Jun 14, 2007 01:05
So I stated officially for the first time today that I am not a Christian. I'm applying for an evening job at a Methodist Church, and they specifically ask if you are Christian, and if so, how you became one. And I cannot say that I am, even though it will probably affect whether or not I am considered for the job.
So, I stated, "No, I am a universalist Quaker" and in the how I became one section mentioned that I was raised in a Christian household but have grown up to appreciate and value diversity and personal spirituality no matter its form or title.

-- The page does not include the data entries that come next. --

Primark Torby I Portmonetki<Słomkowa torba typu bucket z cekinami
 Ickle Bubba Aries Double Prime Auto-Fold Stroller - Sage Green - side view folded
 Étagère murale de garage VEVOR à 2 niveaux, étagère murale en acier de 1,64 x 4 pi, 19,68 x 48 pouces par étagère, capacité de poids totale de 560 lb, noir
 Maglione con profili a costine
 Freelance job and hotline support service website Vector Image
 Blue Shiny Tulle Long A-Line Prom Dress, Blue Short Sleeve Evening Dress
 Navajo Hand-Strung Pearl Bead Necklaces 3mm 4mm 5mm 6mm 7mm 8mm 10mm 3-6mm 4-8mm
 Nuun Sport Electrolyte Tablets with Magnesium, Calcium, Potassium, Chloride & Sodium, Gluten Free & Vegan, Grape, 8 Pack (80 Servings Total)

I've been struggling with this for a few months, after learning in the discussion group I'm a part of exactly what being Christian entails belief-wise. It's funny--because I've been citing Quakerism as a Christian denomination for the past several years in attempts to defend Christianity, and am irritated/bothered that this group that includes many Quakers can do and believe so many things I think are wrong. The struggle has been whether by rejecting Christianity I am just copping out, disgusted by my own religion, or if I'm rightly stating it's not mine.
On a related note...at yearly meeting we focused on the roots and fruits of our Quakerism, and all gathering I was considering all the positive things that shaped my beliefs and it wasn't until the last night that I was jolted by another's message during worship sharing into considering the "sour fruits" of others that have specifically driven me AWAY from other communities of belief and into Quakerism. Truly, more than any welcome or amount of love I received from Quakers, what has most steered my personal spiritual journey have been those sour fruits of other Christians. It's so easy to focus on the positive over the painful, bitter and more influential negative.